Slechts op één punt wijkt de sociaaldemocratische verklaring af van het schema der regering: zij stelt op de voorgrond van de oriëntatie de Russische despotie als het gevaar voor de vrijheid van Duitsland. In de troonrede werd met betrekking tot Rusland met leedwezen gezegd: Met een bezwaard hart heb ik mijn leger tegen een buurman moeten mobiliseren met wie het op vele slagvelden gemeenschappelijk gevochten heeft. Met oprecht leed zag ik een door Duitsland trouw gehandhaafde vriendschap verbreken.
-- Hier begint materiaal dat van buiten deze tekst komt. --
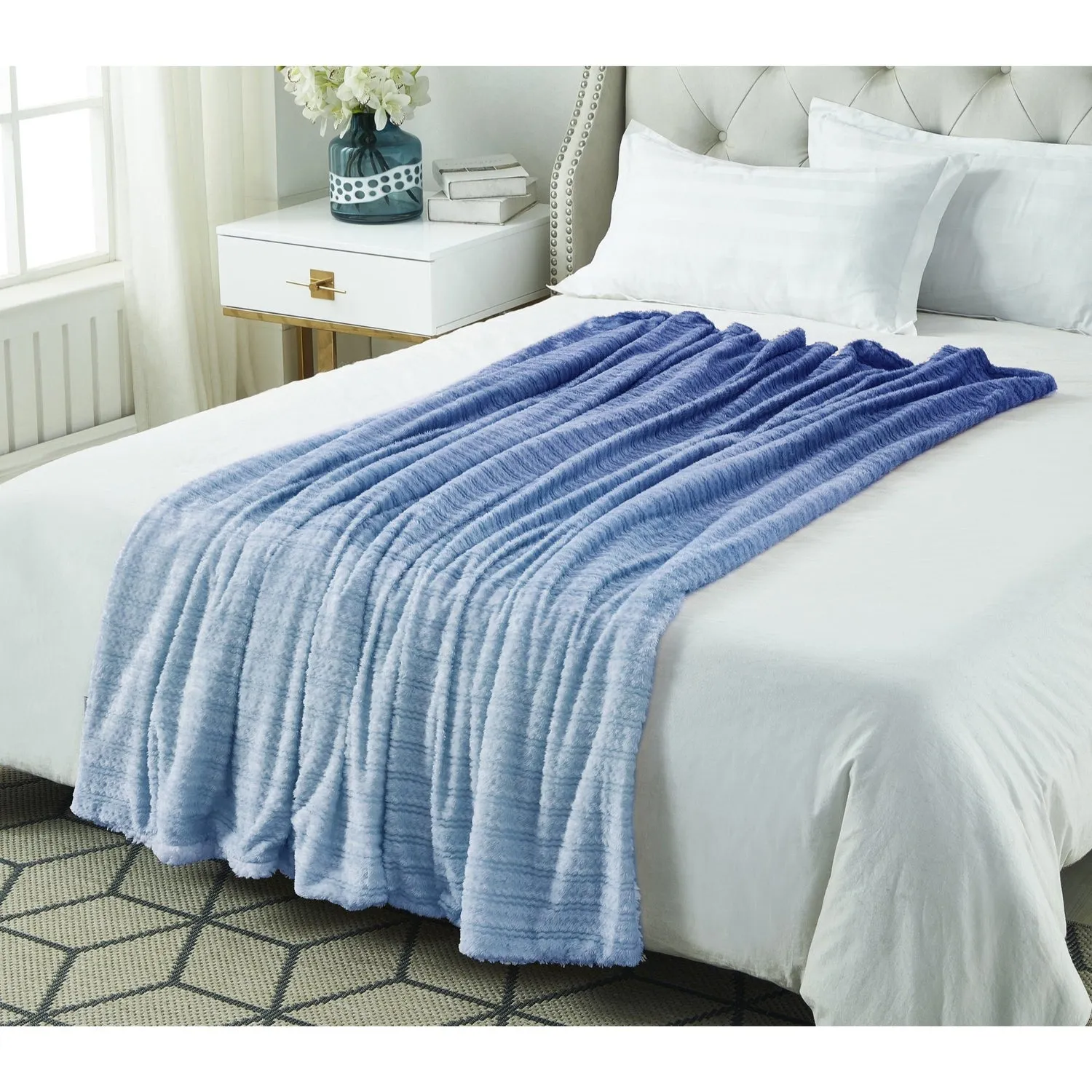 Ombre Flannel Reversible Jacquard Throw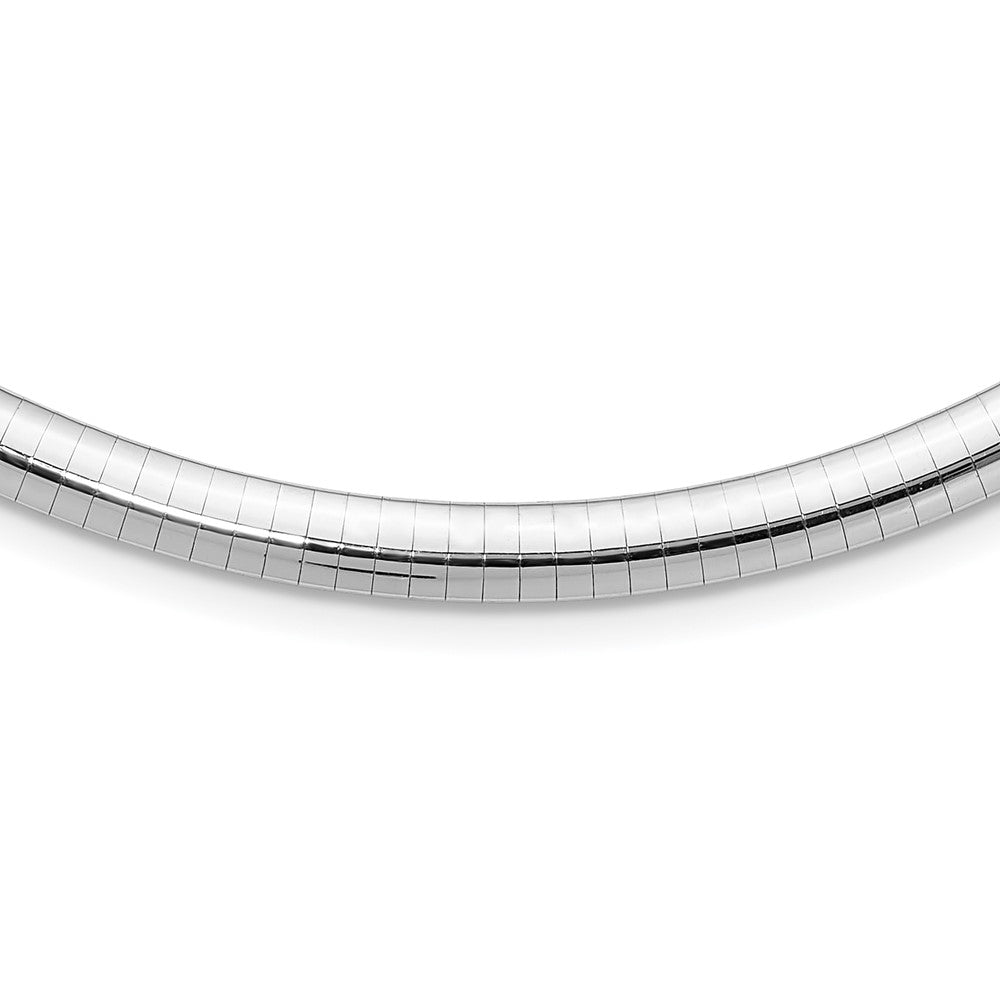 14K Weißgold 6mm Gewölbt Omega Halskette
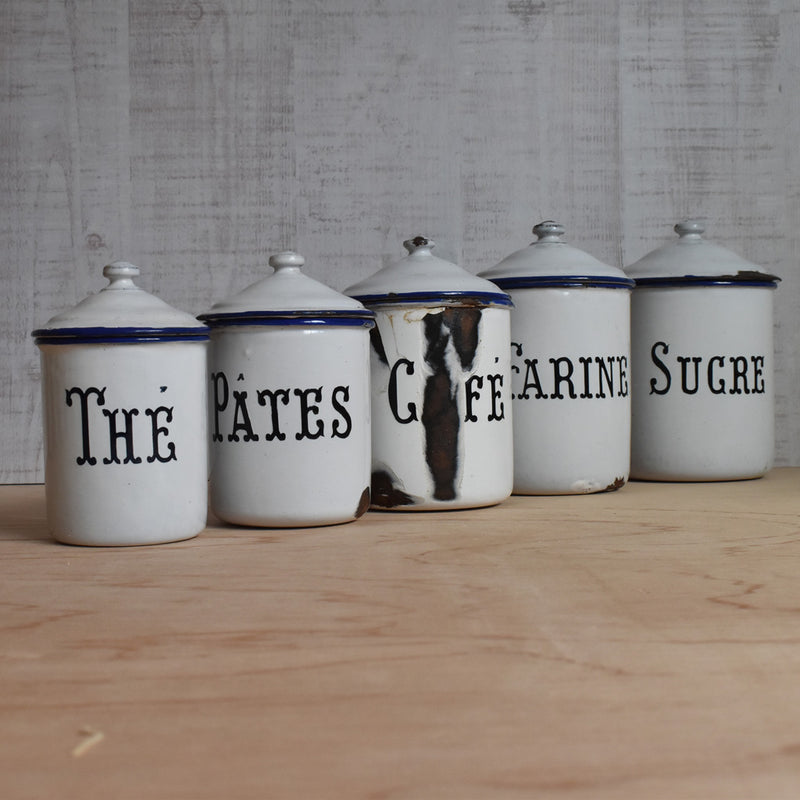 Vintage enamel storage containers - 5 pieces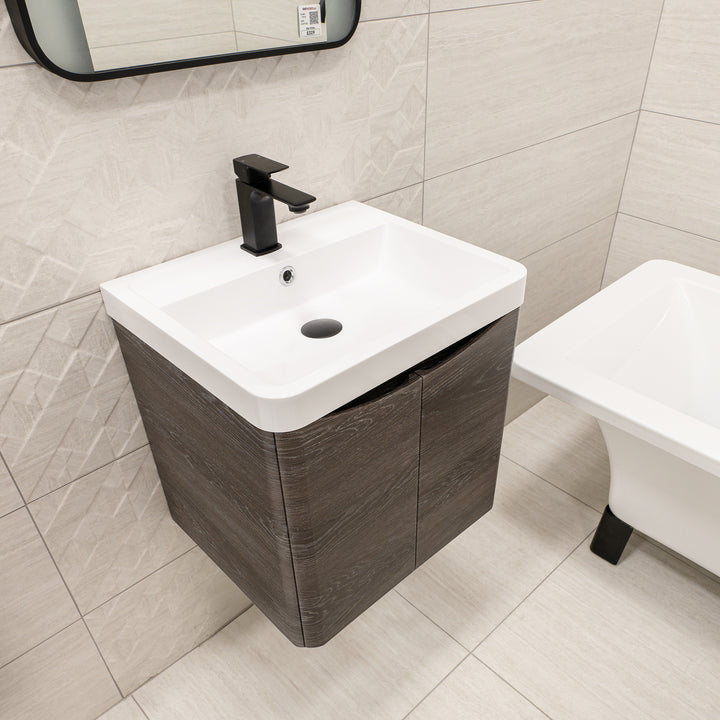 Baltimore 500mm 2 Door Wall Hung Vanity Unit &amp; Basin - Bardolino Oak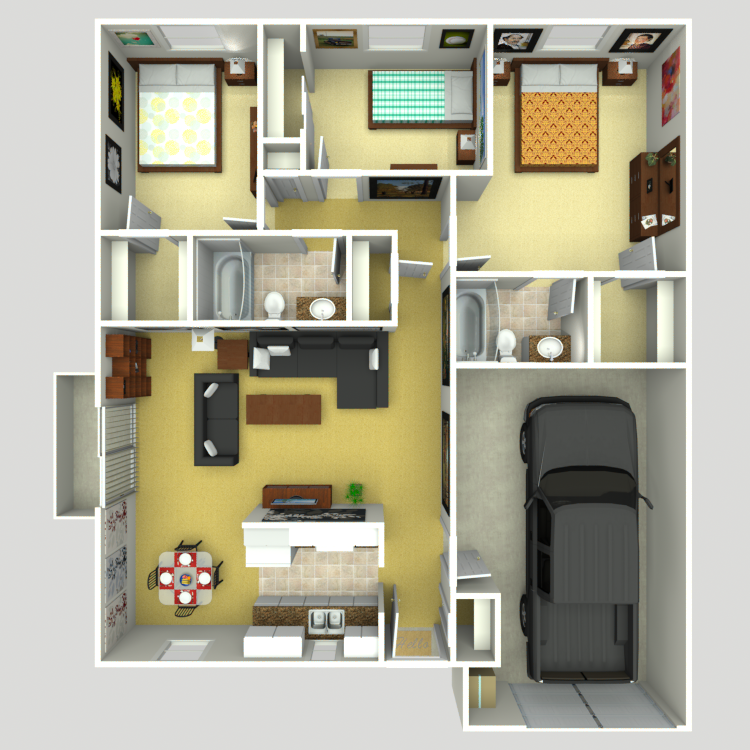 Floor plan image of 3 Bed 2 Bath Duplex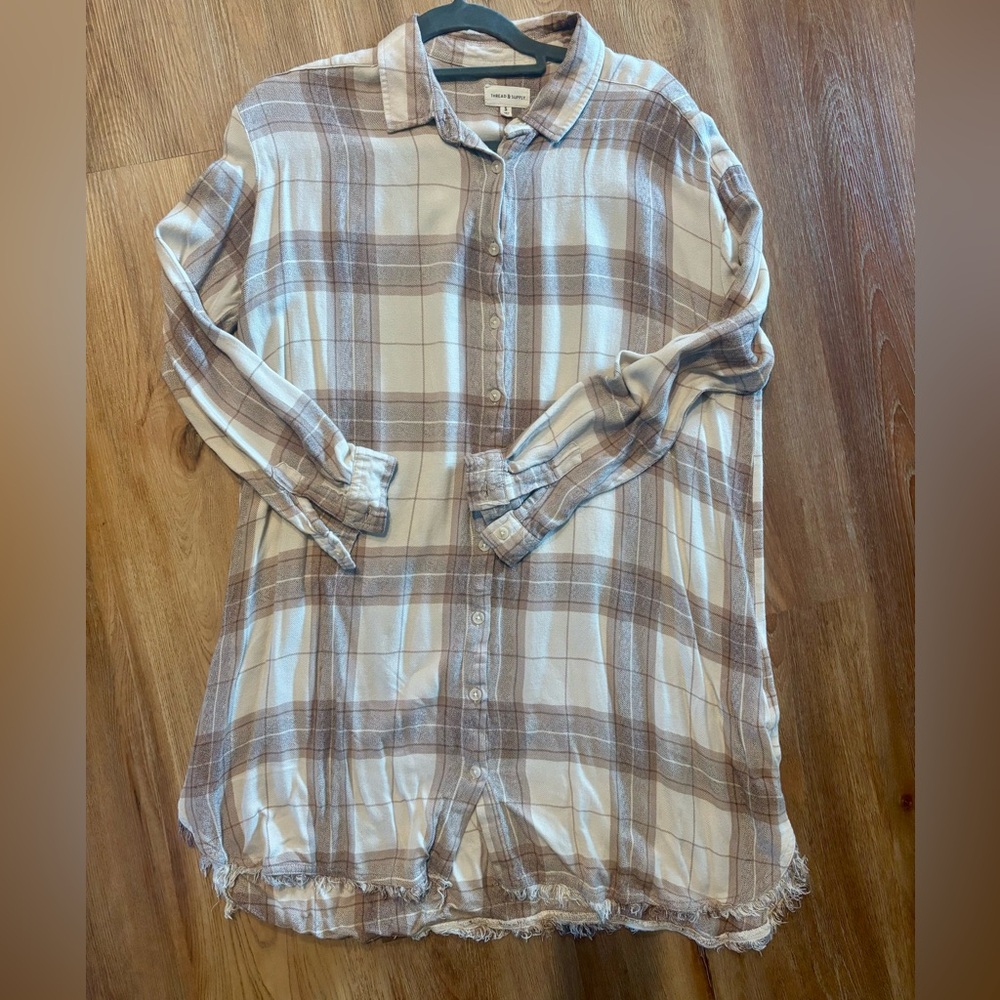 Thread & Supply Beige and White Plaid Shirt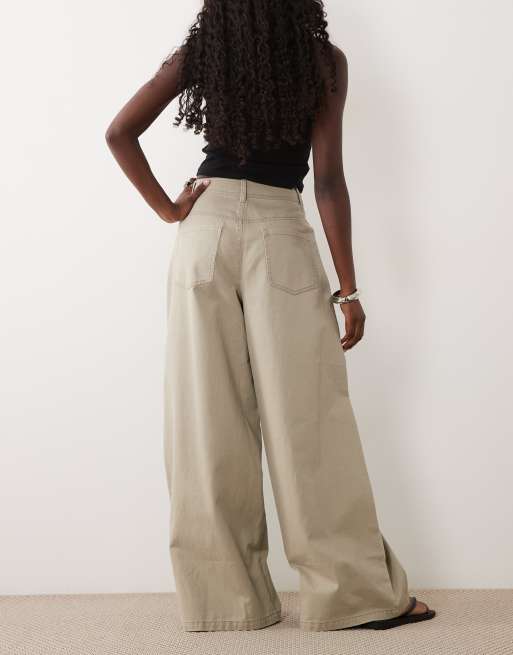 ASOS DESIGN barrel pants with side panel detail in stone, 5 of 5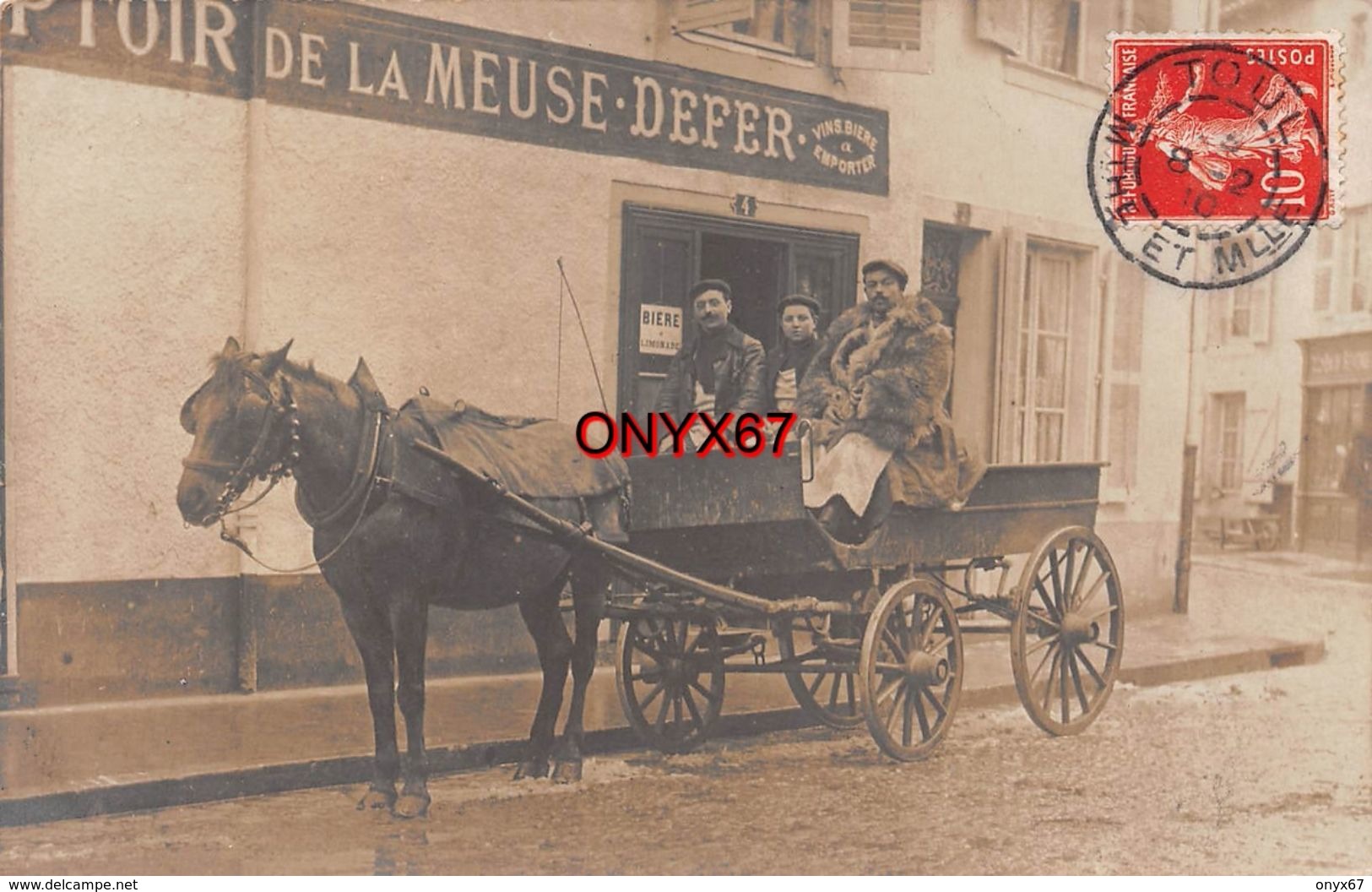 Carte Postale Photo TOUL Meurthe Et Moselle Comptoir De La Meuse Vins Bière à Emporter Café DEFER-Charrette Cheval RARE - Toul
De sociaaldemocratische fractie heeft de smartelijke breuk van een trouw gehandhaafde vriendschap met het Russische tsarisme in een fanfare voor de vrijheid tegen de despotie omgewerkt en zo op het enige punt waar zij zelfstandigheid tegenover de regeringsverklaring aan de dag legt revolutionaire overleveringen van het socialisme gebruikt om de oorlog democratisch te adelen, aan hem een nationale glans te verlenen.
Dit alles ontdekte de sociaaldemocratie zoals reeds gezegd is, heel plotseling op 4 augustus. Al hetgeen zij tot die dag toe, nog op de vooravond van het uitbreken van de oorlog zei, was in lijnrechte strijd met de verklaring van de fractie.
Dit alles werd de sociaaldemocratie, zoals gezegd heel plotseling op 4 augustus duidelijk. Alles wat zij tot op die dag, wat zij daags voor het uitbreken van de oorlog gezegd had, was juist het tegendeel van de verklaring der Rijksdagfractie. Zo schreef de Vorwärts op 25 juli toen het Oostenrijkse ultimatum aan Servië gepubliceerd werd dat de oorlog deed ontbranden: Zij willen de oorlog, de gewetenloze elementen, die in de hofburcht te Wenen invloed hebben en uitsluitsel geven. Zij willen de oorlog uit het wilde geschreeuw van de zwartgele ophitsingspers bleek dat sedert weken. Zij willen de oorlog, het Oostenrijkse ultimatum aan Servië maakt het aan de gehele wereld duidelijk.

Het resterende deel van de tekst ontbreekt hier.